DATASET RECORDS START

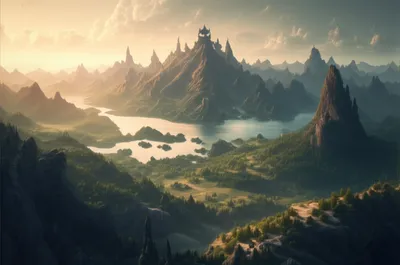 Illustration reigns - Image 1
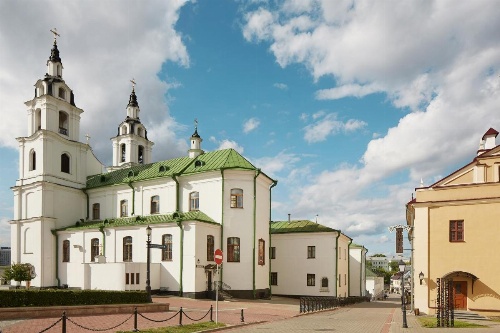 Hotel Monastyrski Minsk City Centre image 25
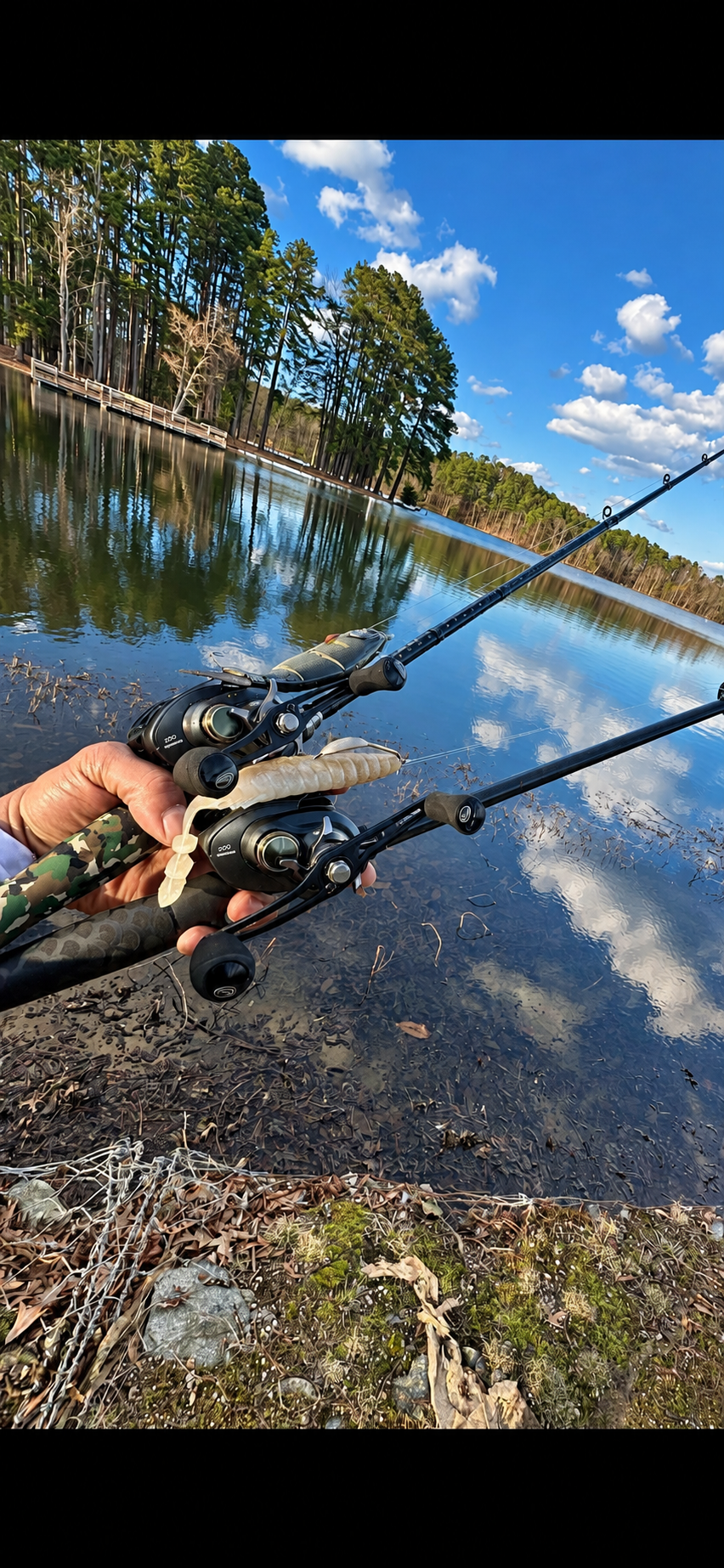 Baitcasting Reel Handle Length: Does Longer Mean More Power?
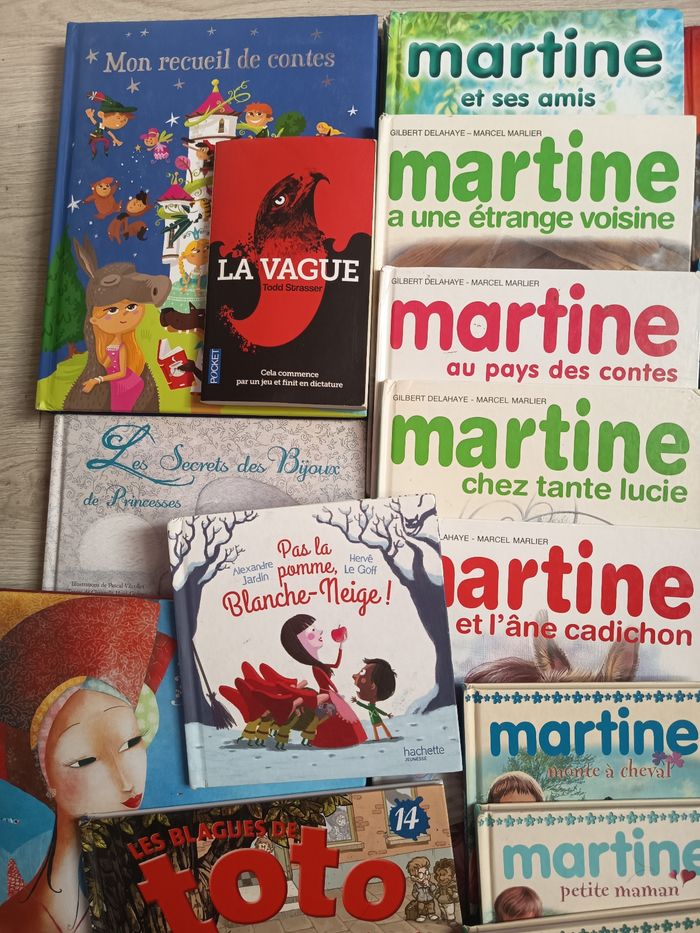 Livre pour enfants - photo numéro 2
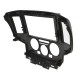 Перехідна рамка 9 Lesko для авто Nissan NV200 2009 (6371)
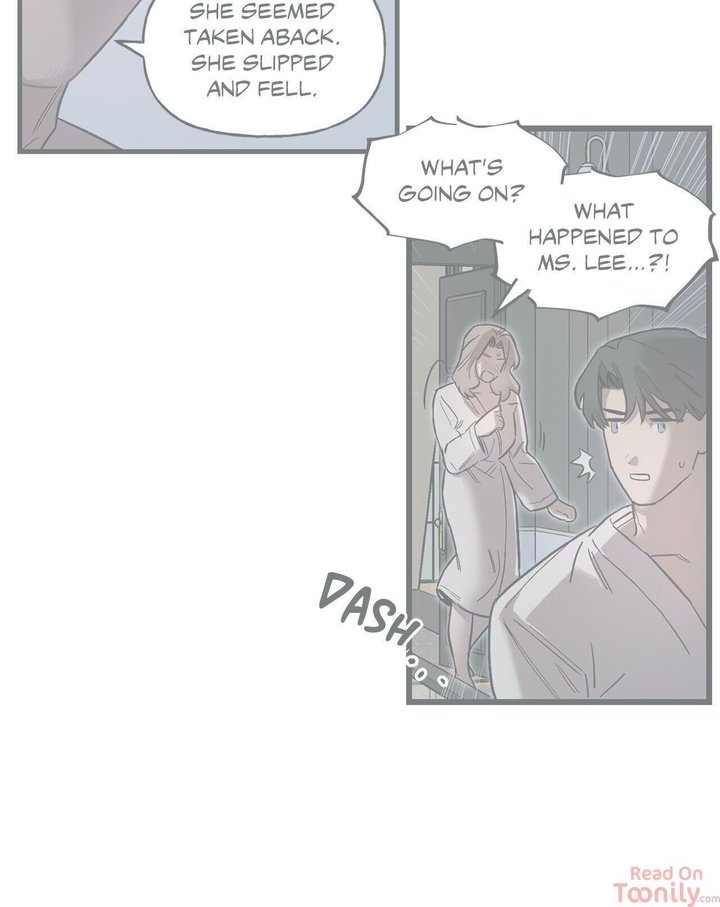 Keloid Chapter 20 Page 3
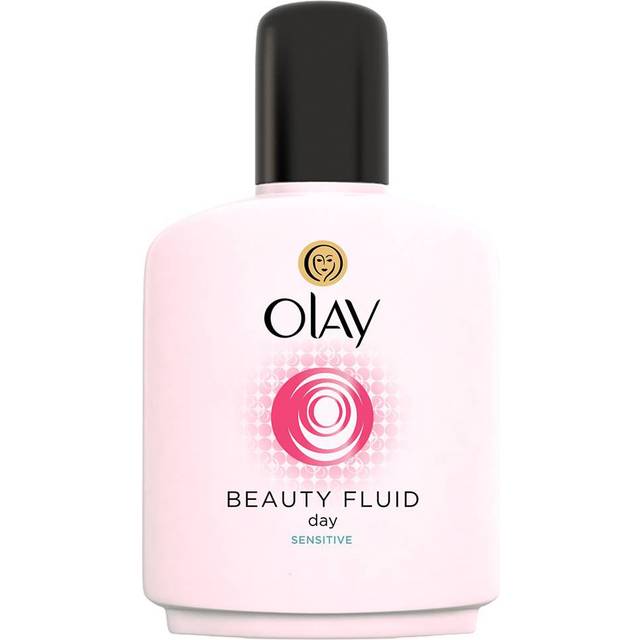 Olay Beauty Fluid Moisturiser Sensitive Skin 200ml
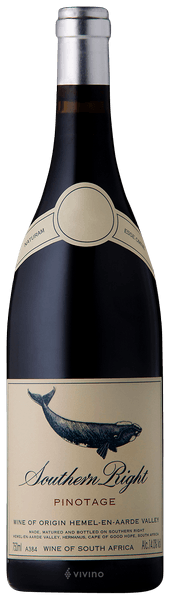 Southern Right Pinotage 2020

DATASET RECORDS END

▶ **EXERCISE BRIEF**
All of the material shown above needs to be duplicated exactly. Omit every picture.

▶ **ANSWER TO THE EXERCISE**
 Illustration reigns - Image 1
 Hotel Monastyrski Minsk City Centre image 25
 Baitcasting Reel Handle Length: Does Longer Mean More Power?
 Livre pour enfants - photo numéro 2
 Перехідна рамка 9 Lesko для авто Nissan NV200 2009 (6371)
 Keloid Chapter 20 Page 3
 Olay Beauty Fluid Moisturiser Sensitive Skin 200ml
 Southern Right Pinotage 2020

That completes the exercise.